Interesting Morning…so far…

This morning, I awakened after a restless night. As I settled into my living room morning routine, I checked my email and saw a piece that steered me to YouTube to watch a couple of in-depth videos from our country’ s history… the Siege and Battle of the Bastogne. You might be wondering how that series of events relates to Safe Harbor Pathways vision of focusing on life transitions. It occurred to me that our lives are very definitely affected by historical events that are completely outside of our direct “field of view”.

I once had a neighbor named Jim Hunt. Jim was a quiet, creative, caring, empathetic friend and architect. While he seldom spoke of his history, he divulged that he was involved in the battle of Bastogne. He said that he had become separated from his unit and that event had changed his direction in life. He returned from the war and, like so many of his generation, had become educated, started a business and become a representative of how mid-America had developed into the country that my classmates and I had inherited. After my Bastogne YouTube morning, I realized that I had never fully appreciated Jim’s experiences in the Ardennes. He was a cog in the wheel that defeated Hitler and the dystopian world that he represented.  To survive the battle of Bastogne was, in many ways, a miracle. After Bastogne, Jim came home to help build America. While I understood the scope of his experience while he lived next door to me, this morning I am beginning to understand how that wartime experience dramatically changed Jim and how his transition from war’s horrors to building  a peaceful America has changed me.

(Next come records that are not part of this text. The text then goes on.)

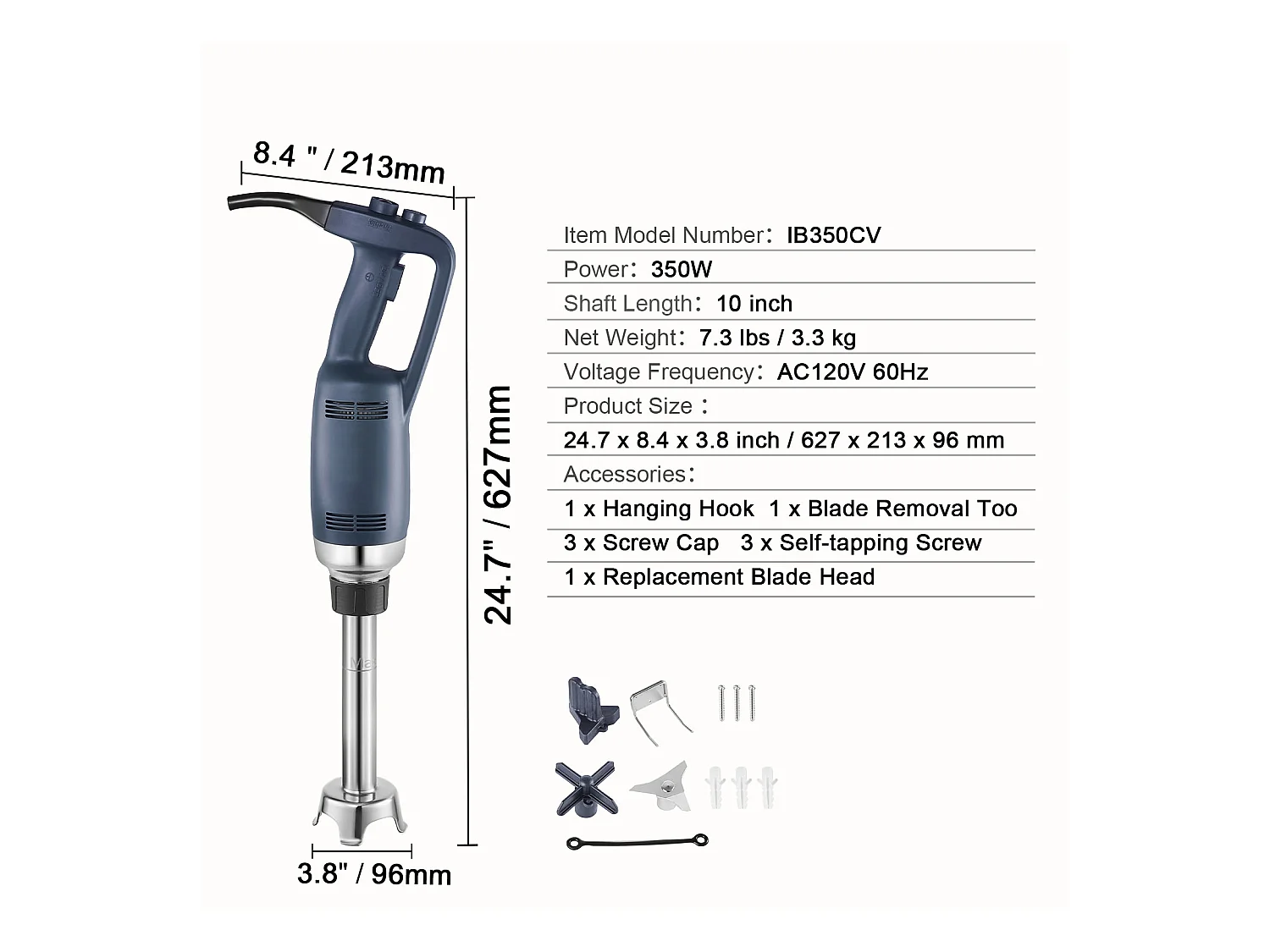 Mixeur à Immersion Commercial SucceBuy, 350 W, avec Lame en Acier Inoxydable, pour Mélanger la Soupe et les Sauces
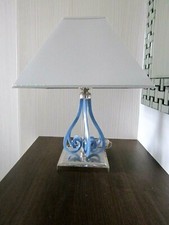 Elite Bohemia Crystal Glass Table / Desk Lamp, Blue, REAL BOHEMIA CRYSTAL GLASS 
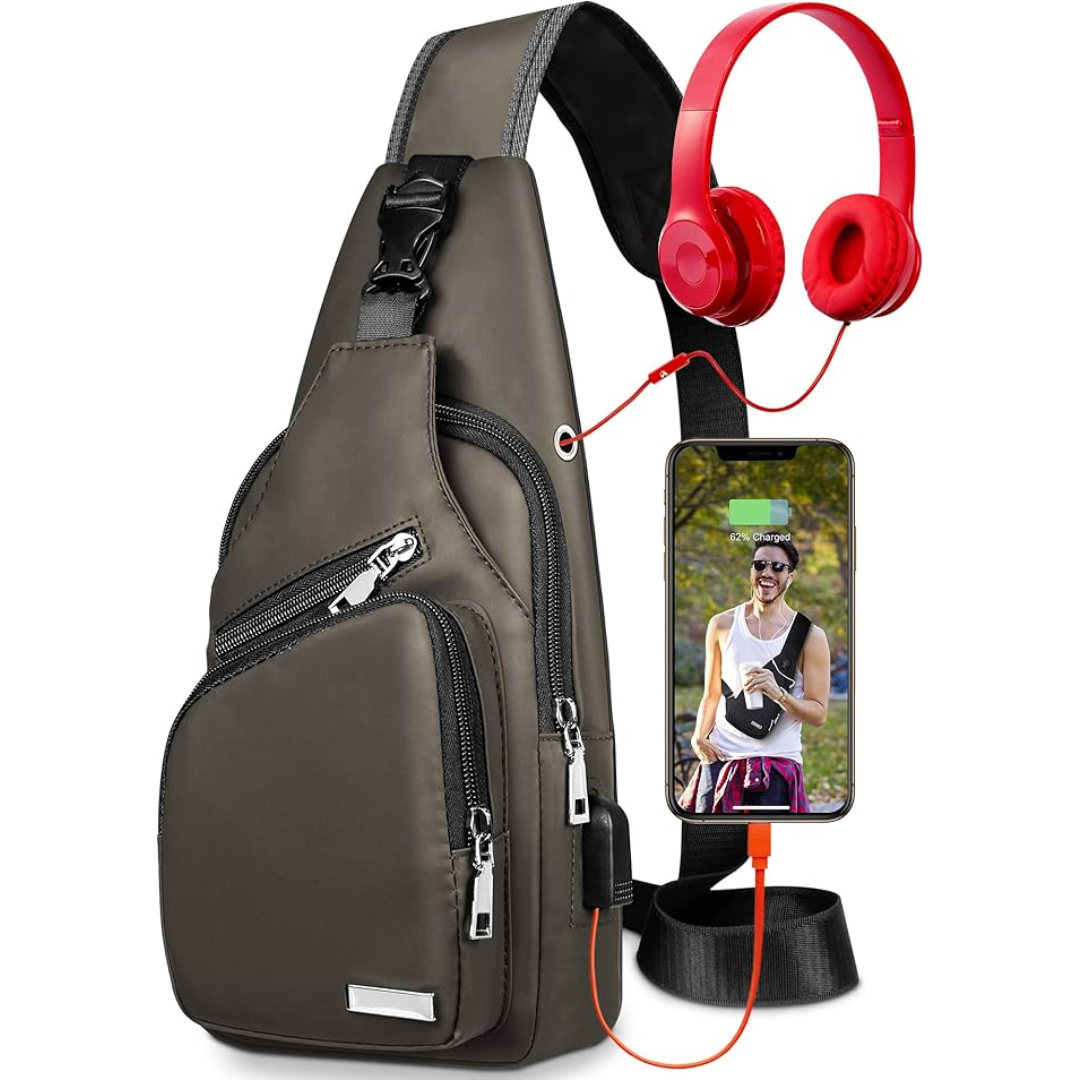 Multifunctional Waterproof Sling Bag - WaveSling-Black-The Livary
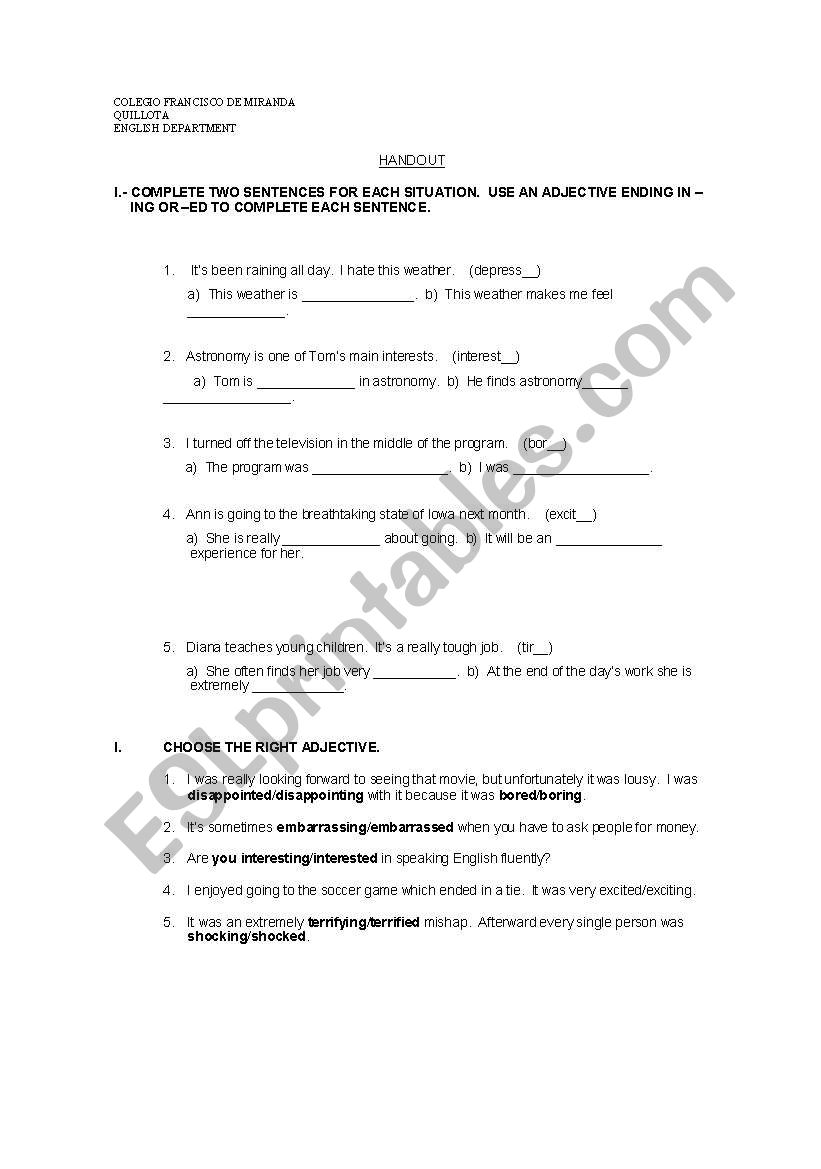 handout- ed/ing adjectives worksheet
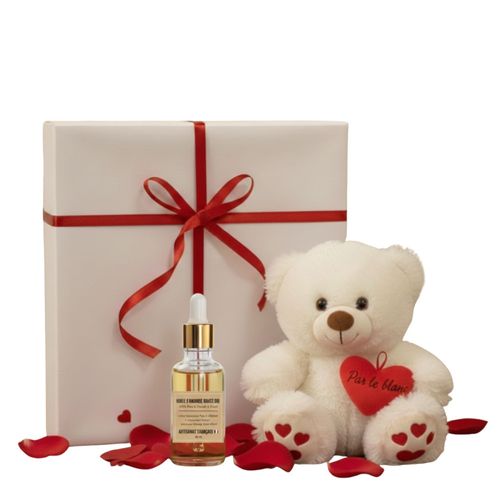Coffret Cadeau Femme : Ourson 25 Cm Blanc & Huile D'amande Bio - Style Romantique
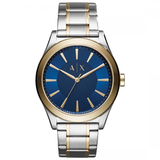 Armani Exchange Nico Quartz Blue Dial Two Tone Steel Strap Watch For Men - AX2332 Authentic Buy Shop Now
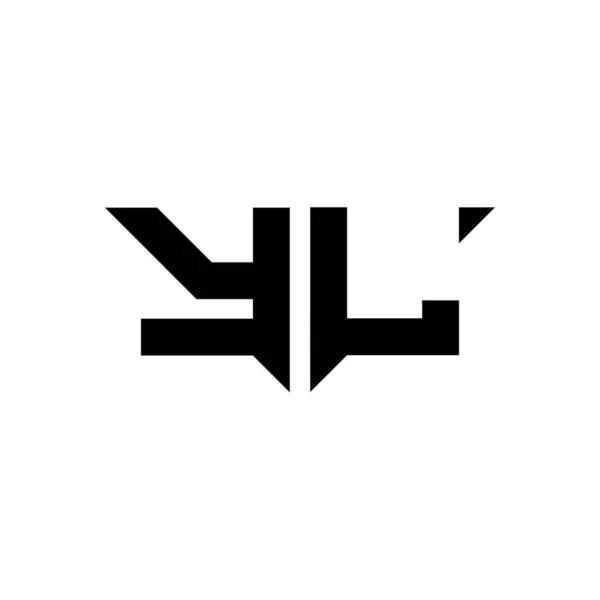 Ylモノグラムロゴ文字白の背景に隔離されたシンプルな現代的な形状スタイルのデザインテンプレートベクトル — ストックベクタ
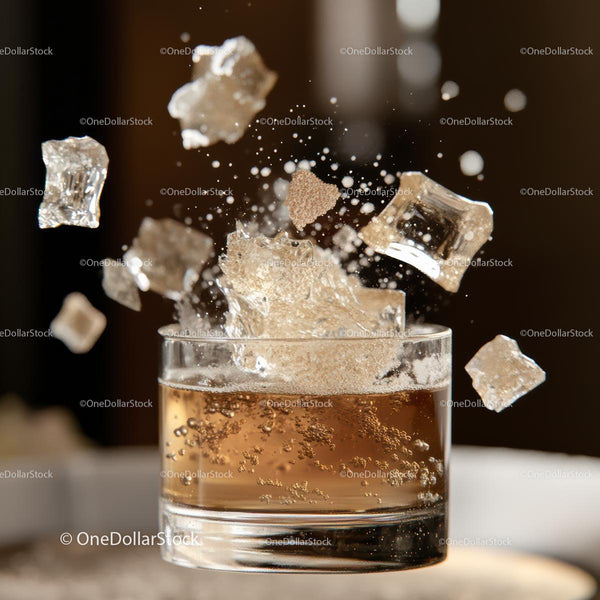 Whisky Splash with Ice Cubes Flying in Motion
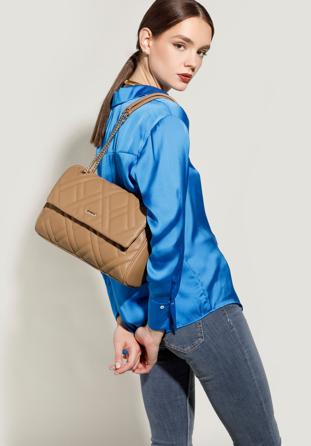 Gesteppte Damentasche an einer Kette, beige, 95-4Y-516-9, Bild 1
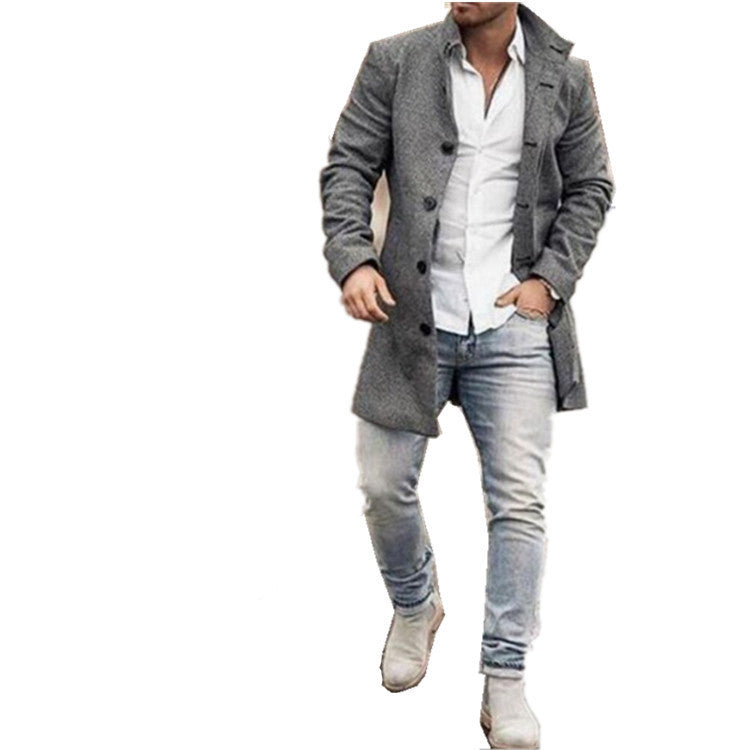 Men's Fashion Casual Tweed Stand-up Collar Coat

My “boomer” generation was born into a golden age of America, even with all of its fragile and challenging aspects… Civil War, McCarthy, Jim Crow, Cold War, Vietnam, 9/11, 1/6, etc. We entered the world on the leading edge of a lengthy transition from a relatively agrarian culture to a world-dominating industrial, political, economic powerhouse. To varying degrees, the members of my generation have lived within the context of the history that preceded us. Jim Hunt’s friendship has often reminded me that quiet, creative, focused, caring, men and women have built a country in which I am permitted to enjoy a fulfilling life.  

The point of my scribbling today is very simple. If we understand that from which we are derived, we can more carefully craft the world that our grands inherit. It is always those who “have experienced” that prepare the path for those who “will experience”. The moral to the Bastogne story is that “if we forget the past, we are more inclined to repeat the past”.